The book is an attractive compendium of mostly letters to his select few friends and, occasionally, to his wife, as well as essays and articles on the arts and religion, demonstrating Gauguin’s erudition and introspection. While reading the book, I could not help but think that if he had been a professional journalist or an art critic, his artistic talent would have basked in the glorious dawn sun rather than a struggling painter always on the verge of starvation. But most of all, what I wanted to know was if Gauguin had cut off Gogh’s ear, as I heard the rumor. Before reading this book, I had already assumed Gauguin was a man of temper because his image was incompatible with the Dutch painter’s delicate, sophisticated, and sensitive appearance and temperament. But while my prejudice was not entirely faulty, Gauguin proved himself innocent as he talked about it before his impending death away from civilization. Besides, my reading of Gauguin’s writings convinced me that he was not culpable for the injury, even if some like to assemble circumstantial rumors to make the French pariah artist appear jealous and violent toward the suffering Dutch genius. Gauguin might have been passionate, but his passion is directed toward his artistic creation of the worlds he sees in his mind, while the snobbishness of critics and bureaucrats curates the works of painters who know nothing about the arts.

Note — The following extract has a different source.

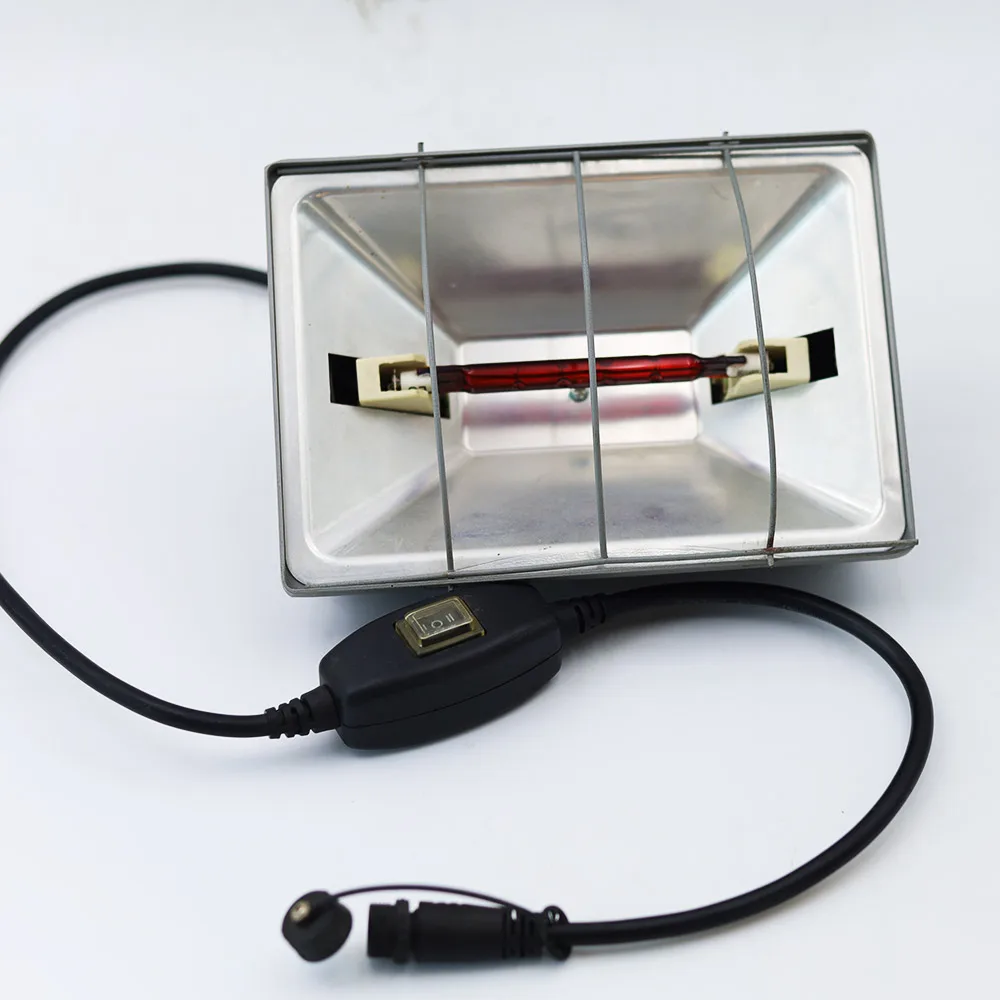 Dimmable R7S J118 Heating Tube with Aluminum Cover Halogen Bulbs for Chicken Pig Duck Farm Use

Imagination, innovation, and independence are the jewels of Gauguin’s prime colors that create his artistic Elysium. Gauguin was liberal in social stance, especially against clericalism, but sovereign in his artistic philosophy that how to draw doesn’t mean an exact copy of the figure because that’s not the purpose of art for art’s sake. As the title suggests, Gauguin was a noble savage who, as a disciple of Rousseau, returned to a primordial state of humanity to escape the over-intellectualized inertia of civilization, which depreciated and ignored his art. I still can’t say the book converted me to the cult of his paintings, which differ from those of Renoir, Monet, and Pissarro. But the book is a medium of looking through the labyrinth Gauguin has built, leading to his secret garden, wondrously vibrant and dazzlingly radiant.